■ **What you have to do**: Please take the entries below from the first line through the line containing "Michael Kors Laila" and repeat them exactly, leaving out everything after.

■ **Data listing**:
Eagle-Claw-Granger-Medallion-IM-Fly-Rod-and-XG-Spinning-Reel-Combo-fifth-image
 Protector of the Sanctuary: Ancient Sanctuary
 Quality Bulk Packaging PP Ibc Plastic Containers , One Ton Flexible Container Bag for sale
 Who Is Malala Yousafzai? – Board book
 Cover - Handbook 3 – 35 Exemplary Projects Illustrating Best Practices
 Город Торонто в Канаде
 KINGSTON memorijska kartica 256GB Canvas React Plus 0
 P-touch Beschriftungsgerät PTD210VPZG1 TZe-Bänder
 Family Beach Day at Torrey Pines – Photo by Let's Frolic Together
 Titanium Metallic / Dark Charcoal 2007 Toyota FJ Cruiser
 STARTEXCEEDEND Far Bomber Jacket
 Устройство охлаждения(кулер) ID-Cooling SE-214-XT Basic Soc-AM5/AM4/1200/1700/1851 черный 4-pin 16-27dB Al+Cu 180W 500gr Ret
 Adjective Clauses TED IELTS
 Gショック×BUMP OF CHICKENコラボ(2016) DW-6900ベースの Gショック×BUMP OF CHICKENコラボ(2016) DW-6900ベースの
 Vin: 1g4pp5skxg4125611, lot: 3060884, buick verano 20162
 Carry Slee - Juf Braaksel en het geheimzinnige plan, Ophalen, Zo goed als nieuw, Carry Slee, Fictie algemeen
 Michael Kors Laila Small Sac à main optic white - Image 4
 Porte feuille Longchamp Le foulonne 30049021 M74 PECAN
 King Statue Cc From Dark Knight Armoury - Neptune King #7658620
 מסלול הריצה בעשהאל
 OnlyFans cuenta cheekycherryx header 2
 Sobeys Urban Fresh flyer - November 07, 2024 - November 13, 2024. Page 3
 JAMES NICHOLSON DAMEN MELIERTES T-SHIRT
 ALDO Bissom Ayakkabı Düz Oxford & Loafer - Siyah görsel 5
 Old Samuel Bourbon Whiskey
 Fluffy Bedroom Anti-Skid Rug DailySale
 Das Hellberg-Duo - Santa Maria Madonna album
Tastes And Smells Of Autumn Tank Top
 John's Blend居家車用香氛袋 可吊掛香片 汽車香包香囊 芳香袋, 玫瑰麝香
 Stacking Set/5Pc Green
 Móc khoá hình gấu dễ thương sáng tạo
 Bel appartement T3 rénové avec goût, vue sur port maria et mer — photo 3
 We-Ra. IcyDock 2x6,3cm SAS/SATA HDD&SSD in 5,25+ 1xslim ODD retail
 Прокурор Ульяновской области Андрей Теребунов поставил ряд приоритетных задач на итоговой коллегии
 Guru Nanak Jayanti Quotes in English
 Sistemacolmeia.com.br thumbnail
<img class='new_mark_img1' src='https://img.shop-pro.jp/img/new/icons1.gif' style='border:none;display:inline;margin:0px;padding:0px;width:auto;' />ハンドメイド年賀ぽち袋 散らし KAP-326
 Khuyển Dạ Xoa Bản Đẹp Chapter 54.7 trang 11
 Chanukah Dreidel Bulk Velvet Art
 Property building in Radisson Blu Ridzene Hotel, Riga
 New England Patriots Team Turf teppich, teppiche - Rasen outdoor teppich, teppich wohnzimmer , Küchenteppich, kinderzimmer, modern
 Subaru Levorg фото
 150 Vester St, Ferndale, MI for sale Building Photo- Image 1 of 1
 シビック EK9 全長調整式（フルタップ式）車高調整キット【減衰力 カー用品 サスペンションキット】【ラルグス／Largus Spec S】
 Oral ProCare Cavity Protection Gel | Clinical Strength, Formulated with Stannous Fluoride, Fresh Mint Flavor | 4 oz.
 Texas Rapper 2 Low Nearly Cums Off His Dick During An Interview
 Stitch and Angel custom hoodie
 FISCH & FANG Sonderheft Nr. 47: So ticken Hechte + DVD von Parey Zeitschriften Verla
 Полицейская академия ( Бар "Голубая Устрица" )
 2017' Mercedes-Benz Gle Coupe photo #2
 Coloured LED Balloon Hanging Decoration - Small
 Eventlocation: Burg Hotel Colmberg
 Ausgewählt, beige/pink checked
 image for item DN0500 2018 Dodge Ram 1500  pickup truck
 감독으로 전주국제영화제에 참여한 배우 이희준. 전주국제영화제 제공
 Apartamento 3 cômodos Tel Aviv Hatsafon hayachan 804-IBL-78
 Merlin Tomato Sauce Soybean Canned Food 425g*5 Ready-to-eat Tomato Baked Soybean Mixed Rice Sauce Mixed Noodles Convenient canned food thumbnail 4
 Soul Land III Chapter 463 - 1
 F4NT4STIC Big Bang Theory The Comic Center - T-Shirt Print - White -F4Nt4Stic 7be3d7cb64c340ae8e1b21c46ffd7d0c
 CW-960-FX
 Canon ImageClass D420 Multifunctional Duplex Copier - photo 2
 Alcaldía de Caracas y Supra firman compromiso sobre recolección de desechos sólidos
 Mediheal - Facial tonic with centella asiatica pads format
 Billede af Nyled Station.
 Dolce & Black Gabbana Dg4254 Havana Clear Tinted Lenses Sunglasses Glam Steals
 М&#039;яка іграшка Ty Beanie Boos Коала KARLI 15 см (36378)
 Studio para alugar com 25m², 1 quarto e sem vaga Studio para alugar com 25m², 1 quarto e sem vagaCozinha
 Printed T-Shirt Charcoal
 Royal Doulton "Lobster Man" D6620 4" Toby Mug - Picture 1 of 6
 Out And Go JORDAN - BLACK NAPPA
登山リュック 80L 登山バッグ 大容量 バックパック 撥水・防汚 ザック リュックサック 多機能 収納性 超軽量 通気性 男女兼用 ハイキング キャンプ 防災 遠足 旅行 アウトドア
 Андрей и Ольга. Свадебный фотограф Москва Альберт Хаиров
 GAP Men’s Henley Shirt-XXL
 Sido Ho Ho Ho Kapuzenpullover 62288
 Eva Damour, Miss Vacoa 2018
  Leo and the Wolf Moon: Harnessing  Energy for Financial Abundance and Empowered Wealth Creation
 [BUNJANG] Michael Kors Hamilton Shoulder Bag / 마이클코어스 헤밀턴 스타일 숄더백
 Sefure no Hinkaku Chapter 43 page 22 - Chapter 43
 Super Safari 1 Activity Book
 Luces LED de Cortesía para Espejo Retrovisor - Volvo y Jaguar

■ **Solved problem**:
Eagle-Claw-Granger-Medallion-IM-Fly-Rod-and-XG-Spinning-Reel-Combo-fifth-image
 Protector of the Sanctuary: Ancient Sanctuary
 Quality Bulk Packaging PP Ibc Plastic Containers , One Ton Flexible Container Bag for sale
 Who Is Malala Yousafzai? – Board book
 Cover - Handbook 3 – 35 Exemplary Projects Illustrating Best Practices
 Город Торонто в Канаде
 KINGSTON memorijska kartica 256GB Canvas React Plus 0
 P-touch Beschriftungsgerät PTD210VPZG1 TZe-Bänder
 Family Beach Day at Torrey Pines – Photo by Let's Frolic Together
 Titanium Metallic / Dark Charcoal 2007 Toyota FJ Cruiser
 STARTEXCEEDEND Far Bomber Jacket
 Устройство охлаждения(кулер) ID-Cooling SE-214-XT Basic Soc-AM5/AM4/1200/1700/1851 черный 4-pin 16-27dB Al+Cu 180W 500gr Ret
 Adjective Clauses TED IELTS
 Gショック×BUMP OF CHICKENコラボ(2016) DW-6900ベースの Gショック×BUMP OF CHICKENコラボ(2016) DW-6900ベースの
 Vin: 1g4pp5skxg4125611, lot: 3060884, buick verano 20162
 Carry Slee - Juf Braaksel en het geheimzinnige plan, Ophalen, Zo goed als nieuw, Carry Slee, Fictie algemeen
 Michael Kors Laila Small Sac à main optic white - Image 4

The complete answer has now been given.